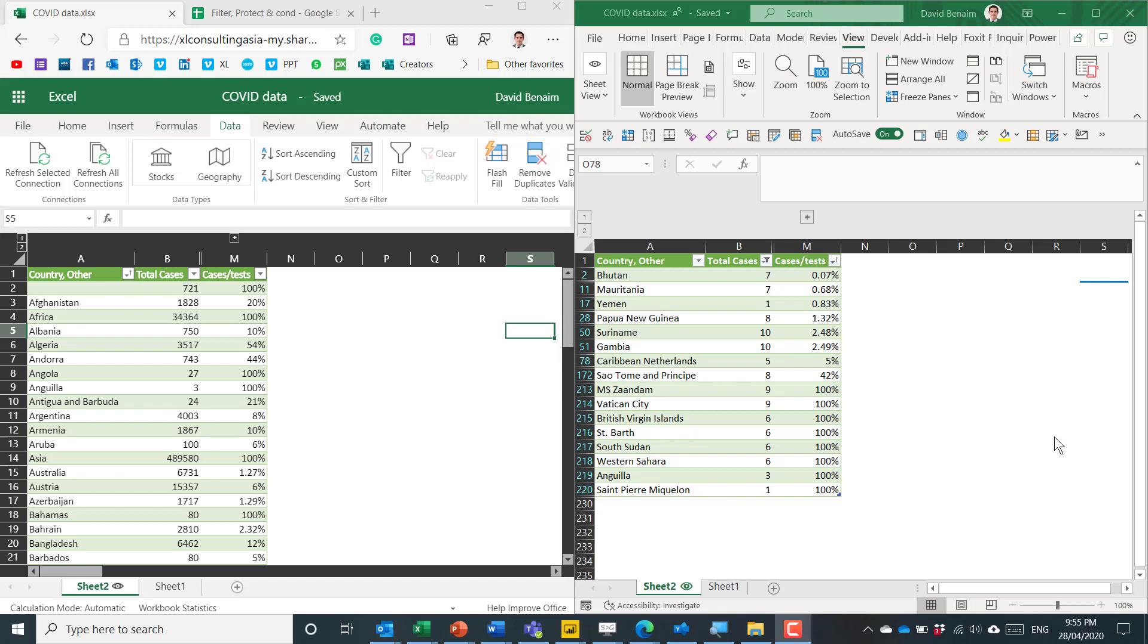Hello, my name is David Benayim and in this video I'm going to show you this brand new feature that allows you to have different sheet views in Excel or filter views.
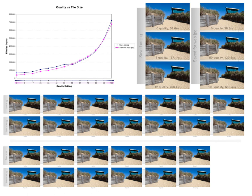Chroma subsampling takes advantage of the fact that the human eye perceives spatial changes of brightness more sharply than those of color by averaging or dropping some of the chrominance information in the image.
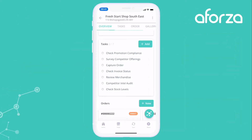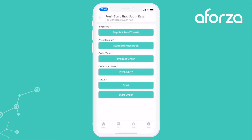Hey everyone, I wanted to give you a quick overview of how easy it is to create a new order using the Forza mobile app in Spring 21. So here I am on a visit page, I'm executing a visit for one of my customers in the Fresh Start shop and here I can see I've got a capture order task. So when I click on that it's going to start a brand new order for me.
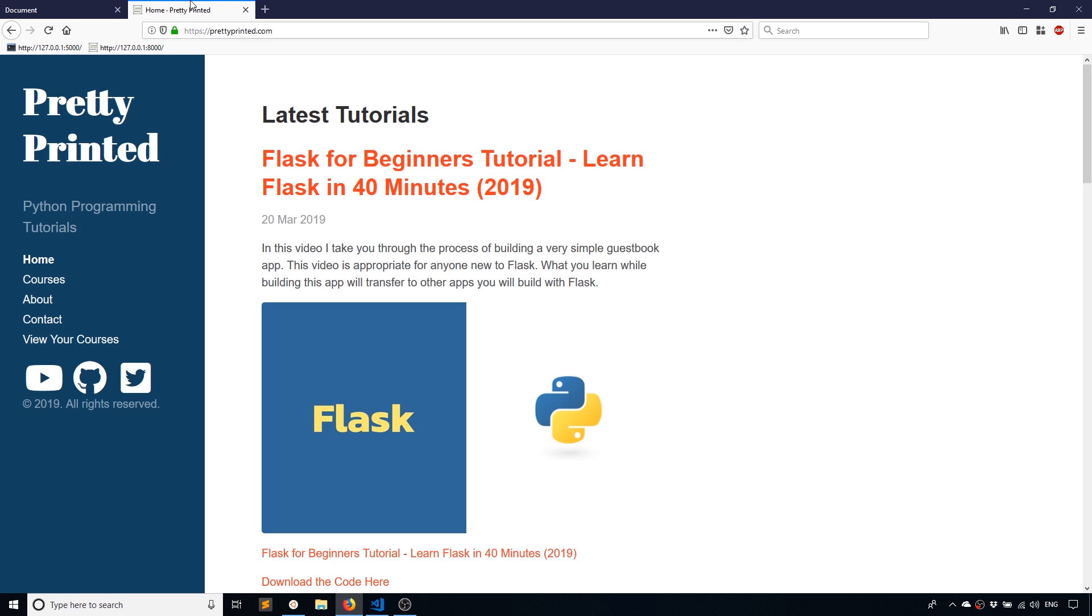And like always, if you have any questions about this video, you can leave a comment down below. If you like this video, please give me a thumbs up.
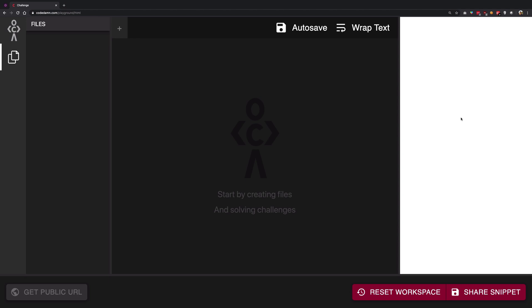Now when you create that file you can name it anything, but there are two conventions. Number one is that you're going to end the name of the file with an extension .html, and number two, the root file for your website should be named index.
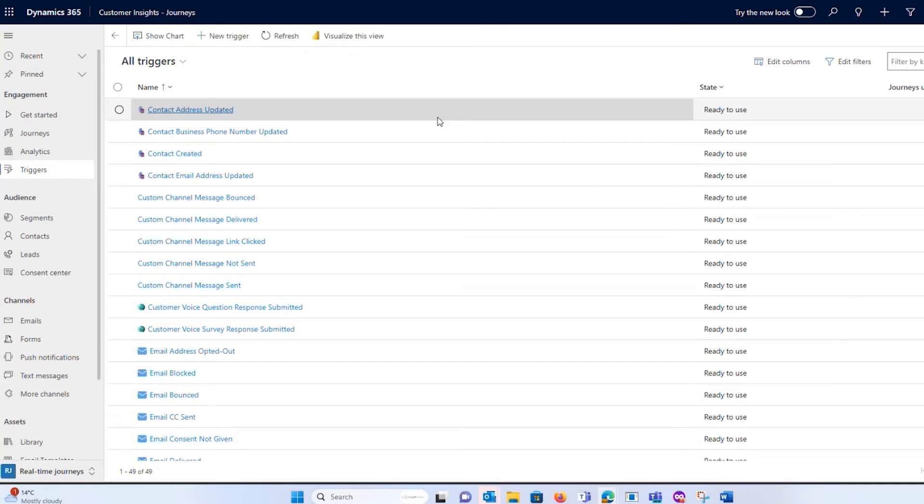And journeys, which I'll show you now, is you have how do people enter is your first thing that you do. So how do I get people in here? Either they've been added to a marketing list or it's because they submitted a form.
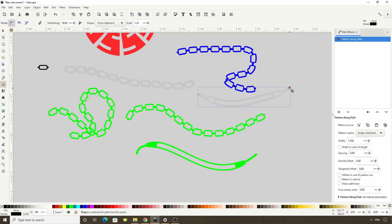Alright, that's how we can use Pattern Along Path. I encourage you to now try creating your own custom brushes using this effect. Thanks for watching, and I'll see you in the next lesson.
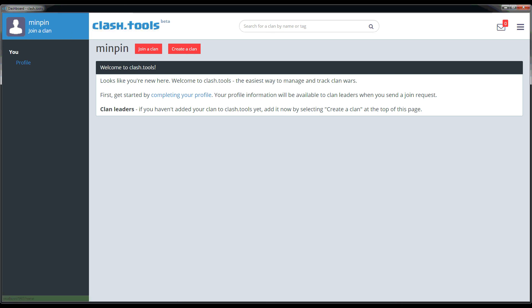And that's all there is to setting up your account. Once you've done that, we can move on to joining a clan or creating a clan.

◆ ◆ ◆ ◆ ◆ ◆ ◆

• Work instruction:
Every entry above should be duplicated exactly. Do not include the images.

• Response to the task:
Hello, my name is David Benayim and in this video I'm going to show you this brand new feature that allows you to have different sheet views in Excel or filter views.
Chroma subsampling takes advantage of the fact that the human eye perceives spatial changes of brightness more sharply than those of color by averaging or dropping some of the chrominance information in the image.
Hey everyone, I wanted to give you a quick overview of how easy it is to create a new order using the Forza mobile app in Spring 21. So here I am on a visit page, I'm executing a visit for one of my customers in the Fresh Start shop and here I can see I've got a capture order task. So when I click on that it's going to start a brand new order for me.
And like always, if you have any questions about this video, you can leave a comment down below. If you like this video, please give me a thumbs up.
Now when you create that file you can name it anything, but there are two conventions. Number one is that you're going to end the name of the file with an extension .html, and number two, the root file for your website should be named index.
And journeys, which I'll show you now, is you have how do people enter is your first thing that you do. So how do I get people in here? Either they've been added to a marketing list or it's because they submitted a form.
Alright, that's how we can use Pattern Along Path. I encourage you to now try creating your own custom brushes using this effect. Thanks for watching, and I'll see you in the next lesson.
And that's all there is to setting up your account. Once you've done that, we can move on to joining a clan or creating a clan.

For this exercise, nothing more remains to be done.